Aggiornare un’auto elettrica non significa solo ritoccare il software. Quando si parla di architettura della batteria, motori e processori di bordo, si parla di prodotti che cambiano nella sostanza. È esattamente quello che Polestar annuncia oggi con le versioni rinnovate di Polestar 3 e Polestar 4, entrambi disponibili per l’ordine in Italia rispettivamente da 83.600 euro e 65.100 euro.
Polestar 3: la svolta a 800 Volt
L’aggiornamento più radicale riguarda Polestar 3, che adotta la nuova architettura elettrica a 800 Volt — uno dei cambiamenti più significativi che un’auto elettrica possa ricevere, perché interviene direttamente sulla velocità di ricarica e sull’efficienza complessiva del sistema.
Il risultato pratico è una potenza di ricarica DC fino a 350 kW, con una ricarica dal 10 all’80% completata in soli 22 minuti in condizioni ottimali — un miglioramento del 35% rispetto alla generazione precedente.
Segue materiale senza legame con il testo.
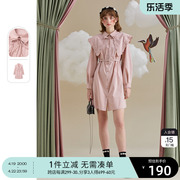 商场同款pit娃娃，领粉色连衣裙女2023秋装收腰显瘦裙子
A ottimizzare ulteriormente le sessioni di ricarica contribuisce il sistema Breathe Charge, un software di gestione della batteria che monitora lo stato dell’accumulatore in tempo reale e regola dinamicamente la velocità di ricarica. In una sessione DC da 10 minuti, il sistema garantisce fino al 38% di autonomia in più rispetto a una ricarica senza questa tecnologia.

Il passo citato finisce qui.